---------- Task inputs ----------

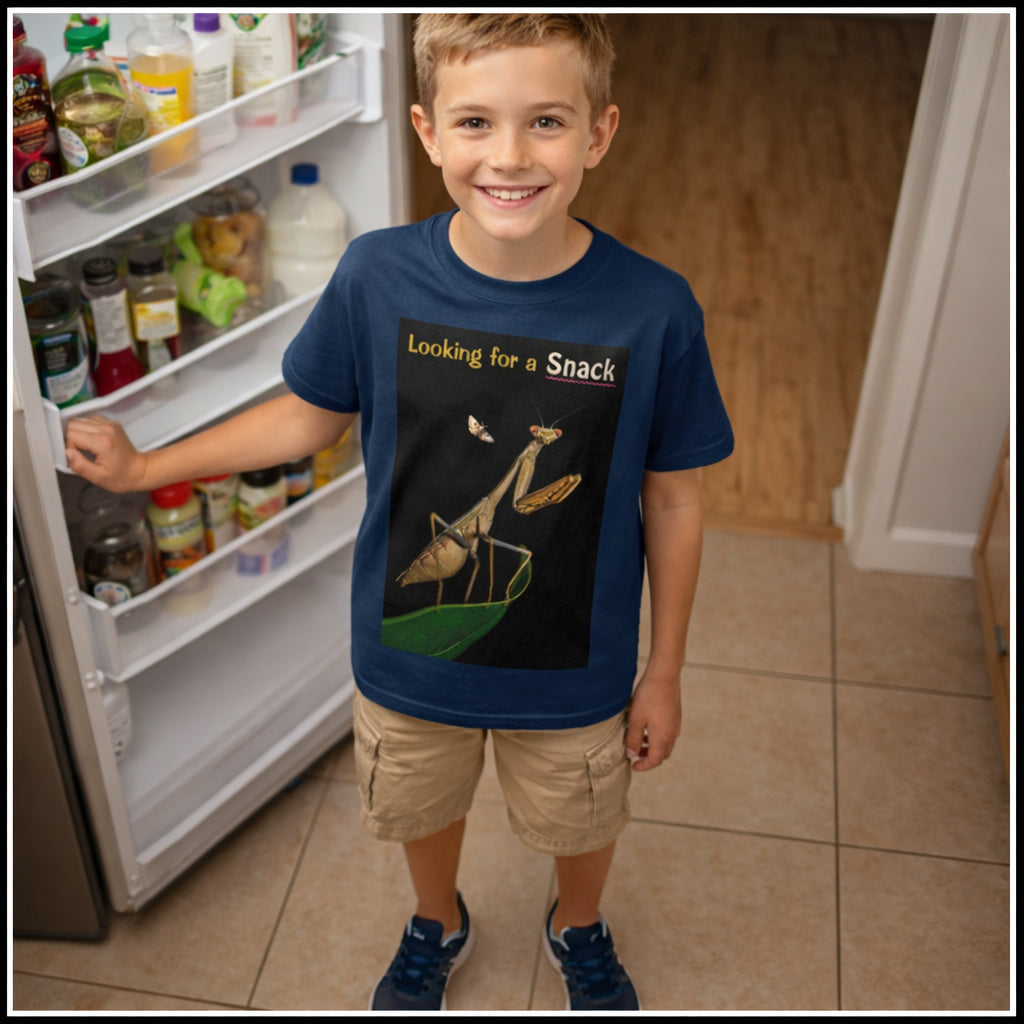 T-Shirt Kids- Looking for a Snack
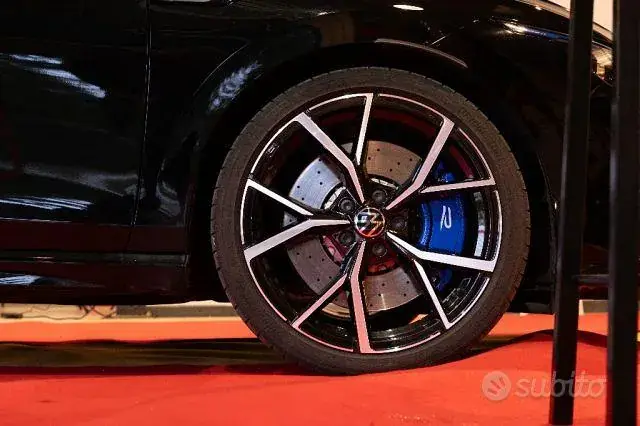 Volkswagen Golf 2025 photo 2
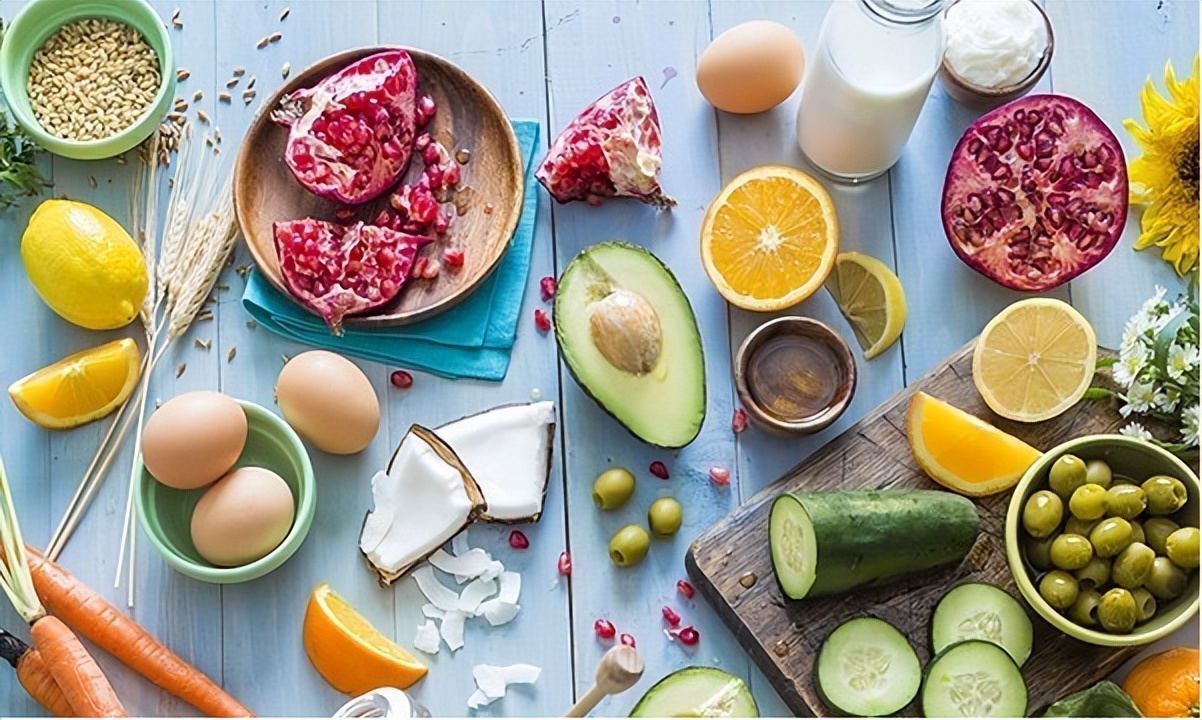 晚上睡得晚饿了该不该吃,再不睡就饿了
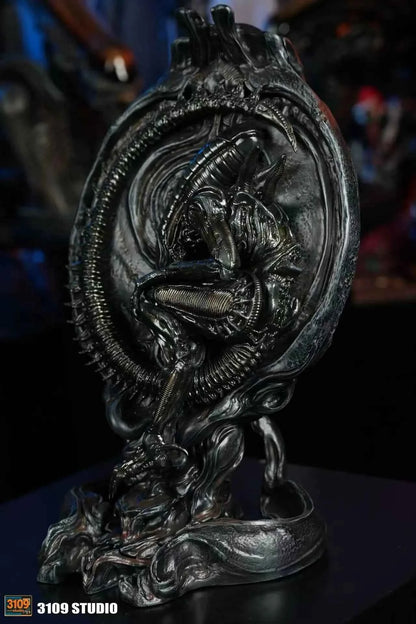Alien 3109 Studio Totem Series Alien Origin Resin Statue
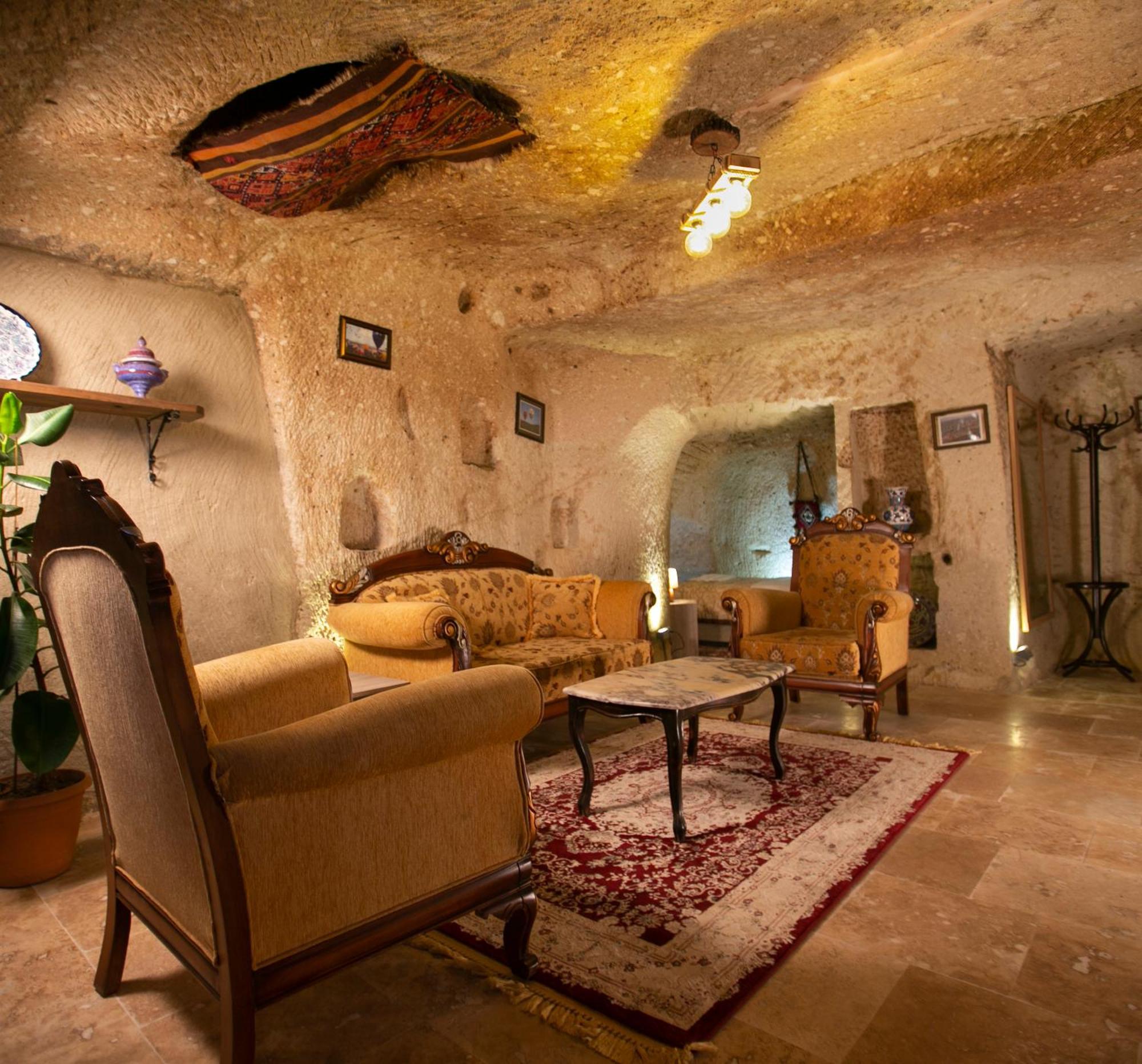 Kamelya Cave Hostel (Adults Only) 괴레메 외부 사진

----------

Task details:
Exact copies of all the entries are needed; output them without the pictures.

Written solution:
 T-Shirt Kids- Looking for a Snack
 Volkswagen Golf 2025 photo 2
 晚上睡得晚饿了该不该吃,再不睡就饿了
Alien 3109 Studio Totem Series Alien Origin Resin Statue
 Kamelya Cave Hostel (Adults Only) 괴레메 외부 사진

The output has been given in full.